Incidents/2017-11-30 wdqs

From Wikitech
The printable version is no longer supported and may have rendering errors. Please update your browser bookmarks and please use the default browser print function instead.

Summary

Around 14:55 UTC wdqs1004 was caught in GC death spiral and froze. It recovered after a restart of blazegraph.

Timeline

  • 14:55 UTC: slowdown in updates can be observed for wdqs1004
  • 15:15 UTC: icinga alert: LVS HTTP IPv4 on wdqs.svc.eqiad.wmnet is CRITICAL: CRITICAL - Socket timeout after 10 seconds
  • 15:15 UTC: icinga recovery
  • 15:19 UTC: restart of blazegraph on wdqs1004

Conclusions

  • Looking at GC logs, I can see a peak at 17GB/s of heap allocation.
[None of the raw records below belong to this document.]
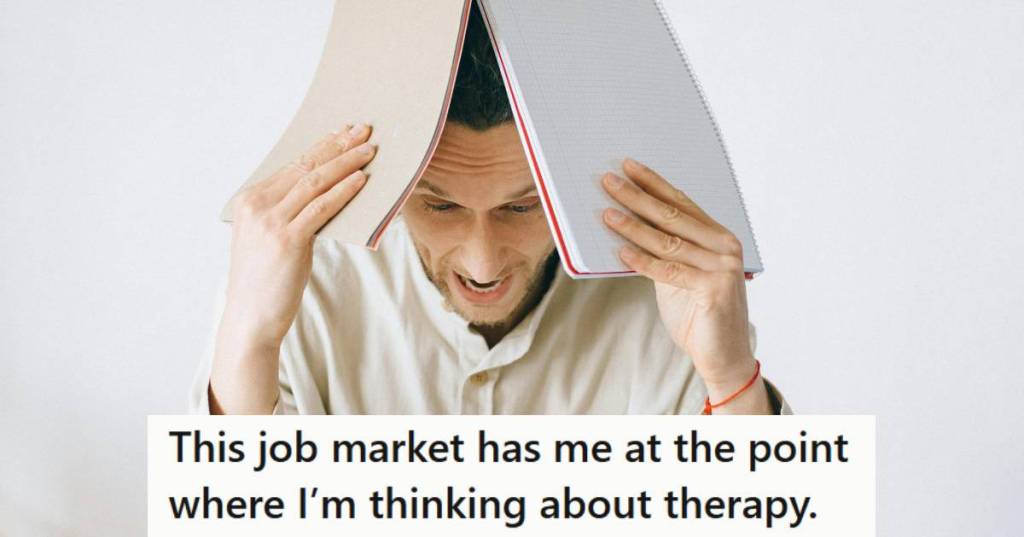 Man sitting at a table stressed with a book over his head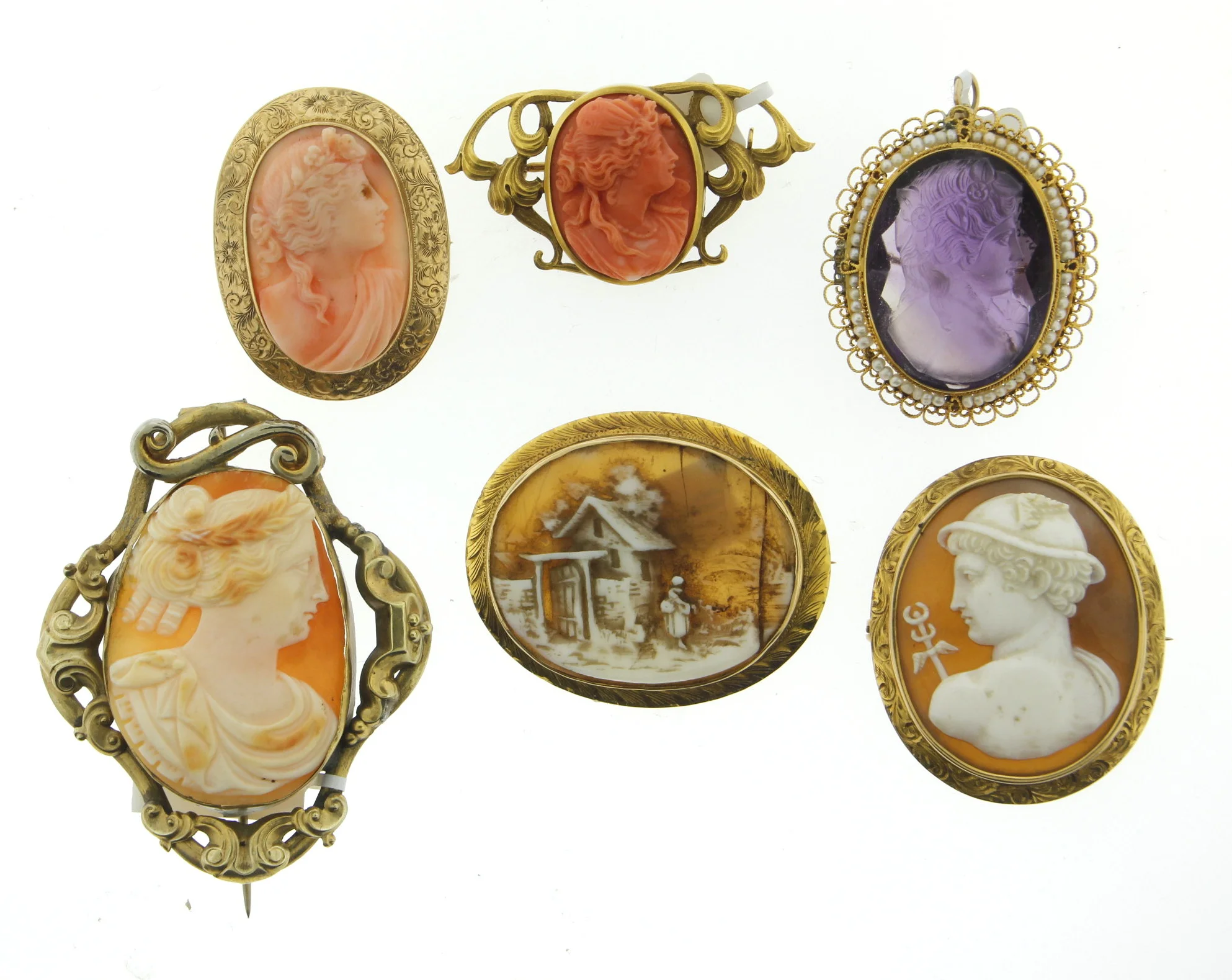 Large cameo on the lower left is likely the oldest. Made in gold fill with a pin that extends past the brooch and does not have a safety. The coral cameo upper middle appears to be from the Art Nouveau period based on the scroll work and symmetry of the mounting.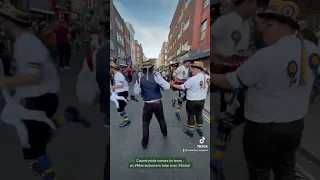 Traditional English folk Morris dancers performing in Soho , central London .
This looks related to the traffic received. Much more investigation will be needed to get to the bottom of this.
  • Looking at throttled requests during that period, I can see that most requests are coming from user agent "MediaWiki/1.31.0-wmf.10". This is a surprise to me.

Actionables

  • modify the local icinga checks to use the same check as LVS, which do a real query and not just a call to a dummy page phab:T181989
  • new wdqs cluster, dedicated to synchronous and trusted traffic phab:T178492 (this is a goal of search backend for next quarter)
  • investigate memory allocation on blazegraph phab:T181988
  • investigate and document clients of wdqs, a tracking page has been created.